Nellis Air Force Base has become synonymous with the Red Flag exercises. Every year, aviation enthusiasts from all over the world make the trek to the desert, north east of Las Vegas to watch the spectacle of the premiere military aircraft training exercise taking place. Jason Grant and Mark Forest made a return trip to Nevada, to watch the aircraft and speak with some of the personnel involved during the first Red Flag exercise of 2015, known as Red Flag 15-1.

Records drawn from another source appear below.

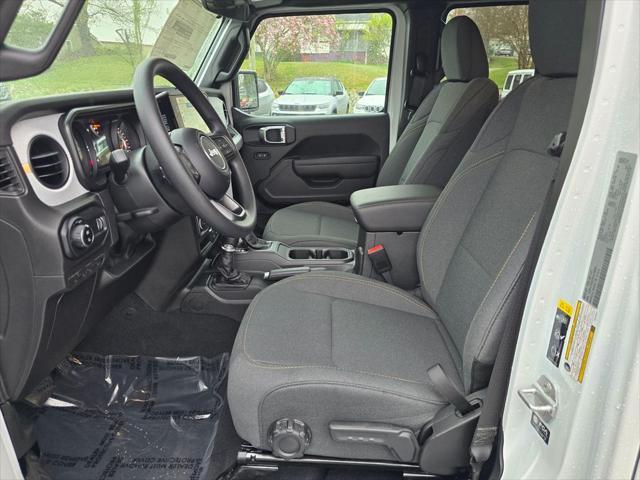 new 2025 Jeep Gladiator car, priced at $41,870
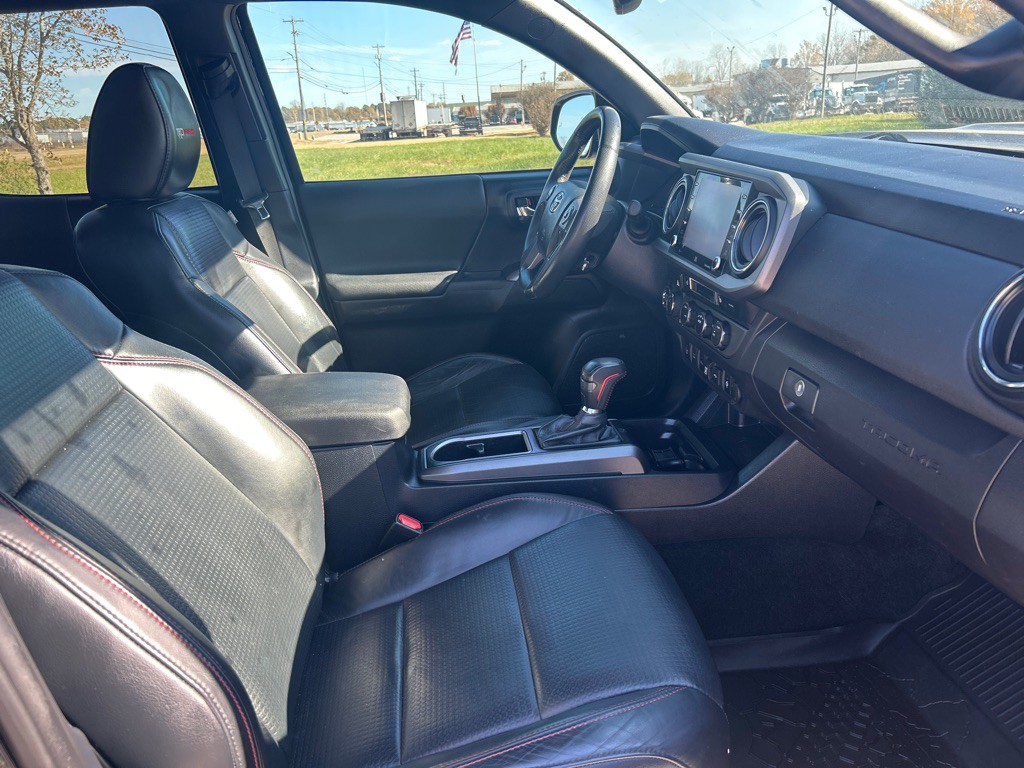 2020 Toyota Tacoma Image 22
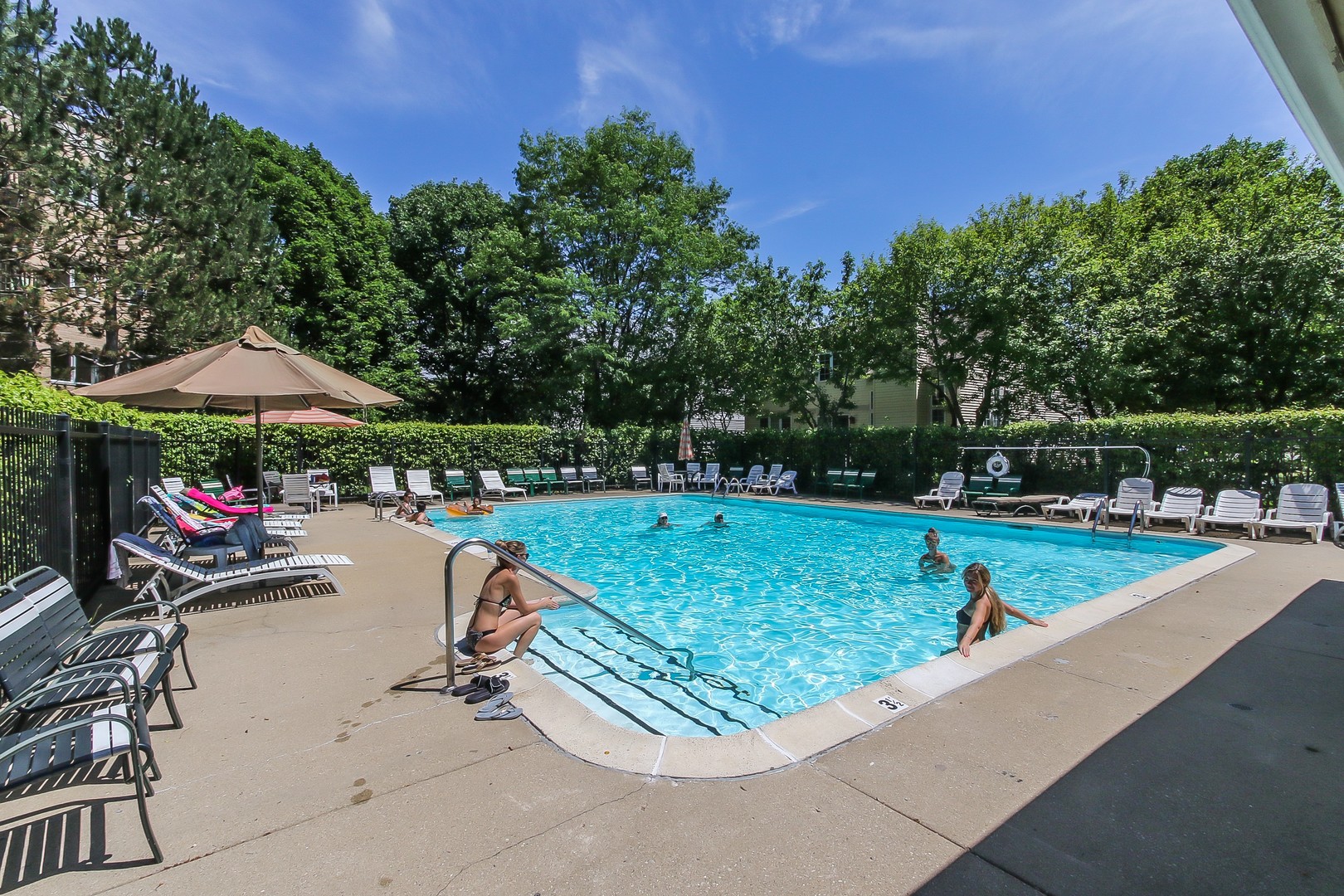 141 Manchester Court, Buffalo Grove, IL 60089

As always, the views across the ramps full of varied aircraft was an amazing sight. In the current climate of austerity being played out by governments around the world, this seemed the opposite of what we had been witnessing in the UK and Europe; no shortage of aircraft here. Many different types of aircraft including 4th generation legacy fighters and 5th generation stealth fighters were spread along the ramps. On the opposite side of the runways is where some of the more sensitive aircraft types were positioned and included three Northrop B-2A Spirit “stealth” bombers along with various command and control aircraft.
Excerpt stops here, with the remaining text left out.